Thursday, April 30, 2015

Why do people feel like they need to improve bikes?

So, way back in the 1800s, something totally revolutionary happened. Bikes got invented. The more I learn about bicycles in the 1800s, the more I'm convinced they really did change the world. A means of transportation, other than your feet, for people who weren't wealthy, a source of independence for women, a step in the massive technology revolution we're still in. . .

And they haven't changed all that much, really. Sure, very, very early on, they didn't have any pedals. The first "Laufmaschine" was pushed along with your feet, a little like kids' balance bikes now.

Then, around the 1860s, some genius in France added pedals to the front wheel, and voila, the first pedal-driven bike. (Although it might have been some genius in Scotland in the 1830s: apparently a rod-driven bike is on display in Glasgow dating to then.)

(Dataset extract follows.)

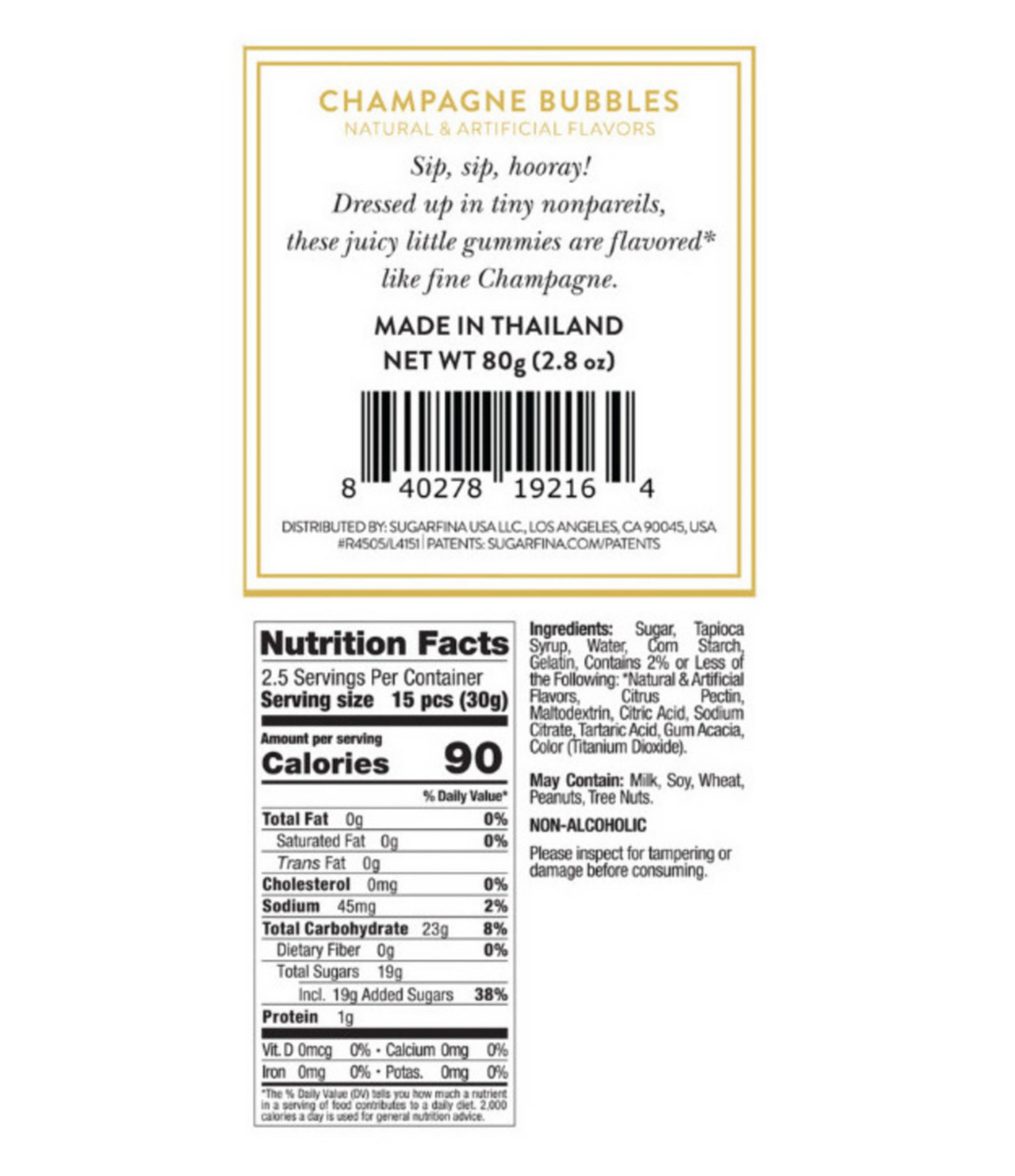 Sugarfina Cheers Champagne Bubbles Kit. Set of 3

Anyway, once they'd gotten through the fad for the high wheel (sure, it would go faster, but at the expense of broken bones; besides, pedaling while steering on the same wheel? no thanks) things settled down, and someone came up with the rear-wheel-drive, chain-powered "safety" bike in the 1880s. And if you look at one of those, it's utterly familiar. 

"Whippet Safety Bicycle" by Science museum. Licensed under CC BY-SA 3.0 via Wikimedia Commons
I would be able to ride one of those, no problem. Aside from the odd frame with all its superfluous-looking tubes, it looks a lot like any modern fixie. 

So, that's . . . let's see. . . 1885 to 2015. That's 130 years of basically the same design (even a bakfiets is basically the same thing). It's one of the things I love about the bicycle. It's a simple, elegant machine. It's kind of reached its evolutionary apex, like a shark, and is now just swimming about, unconcerned with having to adapt further.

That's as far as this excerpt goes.